In another life Mark Billingham is a stand-up comedian and a brilliantly entertaining speaker, but his crime fiction seems to be a humour-free zone. This makes his police inspector hero, Tom Thorne, all the more realistic and convincing. One believes that this is how police procedure really operates, as Thorne revisits a ten-year-old case. Having sent Donna down for ten years for organising the murder of her husband, Thorne is given recent photos that show the victim is not only very much alive and living a comfortable new life, but also ready to kill anyone who might connect him with the old one. A fast moving, straight-up cop story in a series that is about to hit television.
This seems to be a roman à clef. The characters include a publisher, one of his authors (a flamboyant female bestselling novelist) and the friend who is financing his firm, the younger son of a powerful newspaper proprietor. By the time an Australian tycoon gets involved I was utterly muddled by Nick and Ned, Huber and Hugh, Giles and James. Their financial machinations are incomprehensible to non-financiers, except for the fact that all the sums mentioned are at least six figures. A young wife sleeps with a charismatic politician twice her age. People conduct verbal jousts in top-floor offices with views of London, where a butler serves Earl Grey tea in exquisite bone china. Score-settling sagas are always more interesting once some journalist has winkled out and revealed who everyone is meant to be, and to an outsider without a key, this turgid tale seems more like a Jeffrey Archer novel than a revenge fantasy by one of London’s literati.
Here is the perfect summer holiday read. Long, gripping and beautifully written, it tells the story of two young women who start working for the Italian resistance in the autumn of 1943. In parallel we read about a police investigation of the present day, after two surviving heroes of the resistance are found murdered. Grindle vividly evokes Florence as few tourists see it now, in filthy winter weather, and as none saw it in the past, under the cruel German occupation. An author’s note tells us that that the characters and their exploits are fictional, but inspired by the lives of real people and actual events. Their story certainly convinced and also absorbed me.
One of the charms of the old-fashioned body-in-the-library story is that it reaches a logical end.
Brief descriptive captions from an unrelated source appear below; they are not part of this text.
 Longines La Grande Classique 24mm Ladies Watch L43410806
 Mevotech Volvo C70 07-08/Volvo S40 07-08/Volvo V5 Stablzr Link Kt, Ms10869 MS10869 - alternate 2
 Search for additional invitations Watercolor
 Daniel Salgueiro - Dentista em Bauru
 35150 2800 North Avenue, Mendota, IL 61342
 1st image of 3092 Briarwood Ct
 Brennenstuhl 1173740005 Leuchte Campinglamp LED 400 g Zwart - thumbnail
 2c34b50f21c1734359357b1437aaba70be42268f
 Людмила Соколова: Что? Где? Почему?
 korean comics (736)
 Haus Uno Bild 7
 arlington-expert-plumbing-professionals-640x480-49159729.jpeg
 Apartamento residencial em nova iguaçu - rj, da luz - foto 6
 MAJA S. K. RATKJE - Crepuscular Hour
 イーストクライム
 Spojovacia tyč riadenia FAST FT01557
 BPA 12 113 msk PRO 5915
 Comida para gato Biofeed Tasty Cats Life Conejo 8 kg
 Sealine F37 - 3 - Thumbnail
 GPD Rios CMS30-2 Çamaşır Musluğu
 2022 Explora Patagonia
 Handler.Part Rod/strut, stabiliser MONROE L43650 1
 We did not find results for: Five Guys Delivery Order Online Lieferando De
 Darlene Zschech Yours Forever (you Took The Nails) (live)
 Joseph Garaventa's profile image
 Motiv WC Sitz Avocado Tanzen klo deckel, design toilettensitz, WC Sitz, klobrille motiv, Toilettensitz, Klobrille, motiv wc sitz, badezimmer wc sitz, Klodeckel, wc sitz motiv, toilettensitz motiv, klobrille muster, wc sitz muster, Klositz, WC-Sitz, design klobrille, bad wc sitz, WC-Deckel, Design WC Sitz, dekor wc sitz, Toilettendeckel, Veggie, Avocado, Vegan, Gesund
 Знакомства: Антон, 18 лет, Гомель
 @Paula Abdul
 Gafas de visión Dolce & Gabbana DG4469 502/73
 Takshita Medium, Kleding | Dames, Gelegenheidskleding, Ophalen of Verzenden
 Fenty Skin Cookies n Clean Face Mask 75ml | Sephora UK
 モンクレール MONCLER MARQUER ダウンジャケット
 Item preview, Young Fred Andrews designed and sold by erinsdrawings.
The murderer is identified and all the characters go back to square one, without aftereffects, until the next episode. One of the major differences between that kind of fiction and more realistic contemporary crime fiction is that, in the latter, nobody can go back. The victim of violent crime – in this novel, rape – can never again be the person she was before it happened, and nor can those more peripherally involved, such as witnesses and family members. N J Cooper demonstrates this vividly in her second novel of a new series about an ambitious young criminal psychologist who returns to the Isle of Wight when a violent criminal, hunting for a previous victim who has built herself a new life, goes on the run there. An insightful, emotionally involving story with an intriguing mystery plot – highly recommended.
An ordinary block of flats in an ordinary street in an ordinary London suburb is inhabited by a collection of apparently ordinary people. But this is Rendell-land, where nobody is unremarkable. This eighty year-old’s psychological and sociological insight has not been blunted by age. If you are the sort of person who invents life histories for the other people in a bus or Tube, this book is for you. If not, perhaps not.